Der Beitrag Karl Schlögels, der an der Viadrina bis zu seiner Emeritierung viele Jahre den Lehrstuhl für Osteuropäische Geschichte innehatte, ist Auftakt des Bandes. Ausgehend von seiner konzeptionellen Auseinandersetzung mit der Räumlichkeit in der Ge­schichte lesen sich Schlögels Überlegungen wie ein Plädoyer für mehr Freiheit, starre Begriffe und Schemata hinter sich zu lassen und vor allem Offenheit in der Darstellung anzustreben. Zuzustimmen ist insbesondere der hier geäußerten Forderung, eine vermeintlich lineare Geschichte nicht ex post von ihrem Ende her zu denken. Ähnlich argumentiert der Trierer Historiker Lutz Raphael. Er fordert mit Blick auf vergangene und aktuellere »Krisensemantiken der Geschichtswissenschaft« einen produktiven Umgang mit diesem Begriff ebenso ein, wie er Skepsis gegenüber jedweder Te­leologie anmahnt. Dies bedeute insbesondere, stärker auf »Krisen«-auslösende Momente zu blicken und damit das Moment des Unerwarteten ernst zu nehmen. Raphaels Vorschlag zur Nutzung des aus der Soziologie stammenden Resilienz-Ansatzes (90) klingt reizvoll; es bleibt freilich abzuwarten, wie und in welchen inhaltlichen (Krisen-)Zusammenhängen sich die Geschichtswissenschaft dieser Idee tatsächlich annehmen kann. Auch andere Beiträge nehmen Zeitsemantiken in den Blick, etwa die Ausführungen der Mitherausgeberin des Bandes, Barbara Picht, zu Zeittheorien (»Flüchtige Moderne«), die insbesondere begriffliche Schärfung einfordert, wodurch ein differenziertes Bild mit Blick auf Geschwindigkeiten entstehen könnte. Der Sammelband bietet auch ein breites Panorama an Beiträgen zu verschiedenen Intellektuellen, etwa zu Jacob Burckhardt, Norbert Elias, Eric Hobsbawm und, natürlich, immer wieder zu Max Weber und Ernst Troeltsch. Hinzu kommen aber ebenso historisch arbeitende literatur-, sprachwissenschaftliche wie geschlechter- oder historiographiegeschichtliche Beiträge, die hier nicht tiefergehend besprochen werden können.

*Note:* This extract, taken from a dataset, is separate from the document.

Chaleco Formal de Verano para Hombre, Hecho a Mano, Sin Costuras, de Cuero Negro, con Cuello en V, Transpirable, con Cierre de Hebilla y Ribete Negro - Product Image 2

Der Sammelband als Ganzes versammelt die Ansätze einer theorie- und methodenbewussten Geschichtsschreibung. Er offeriert dabei eine Vielfalt intellektueller Beschäftigung und Auseinandersetzung mit der Geschichte und diskutiert – mit je eigenen disziplinarischen Instrumenten und Fragehorizonten – Auslegungen und Wege für eine deutende Fortschreibung der Geschichte. Dass dabei nicht alles gänzlich neu und schon gar nicht widerspruchsfrei ist, versteht sich. Eine Veröffentlichung wie diese muss dies gar nicht leisten, im Gegenteil: Begreift man eine Festschrift als Versammlungsort intellektuell anregender, eine breite Zeit- und/oder Themenspanne umfassender methodologischer Reflexion, ja als konzeptionellen »Ideensteinbruch«, so hat der Band diese Erwartung allemal eingelöst. Das breite wissenschaftliche Repertoire ideen- und problemgeschichtlicher Zugänge zur Historie im Allg emeinen ist gut zusammengestellt und die im Einzelnen zwar heterogen ausgerichteten, aber ausgesprochen anregenden Suchbewegungen nach der historischen Wirklichkeit sowie nach den Besonderheiten (geschichts-)wissenschaftlichen Erkennens sind zweifellos ansprechende Lektüre.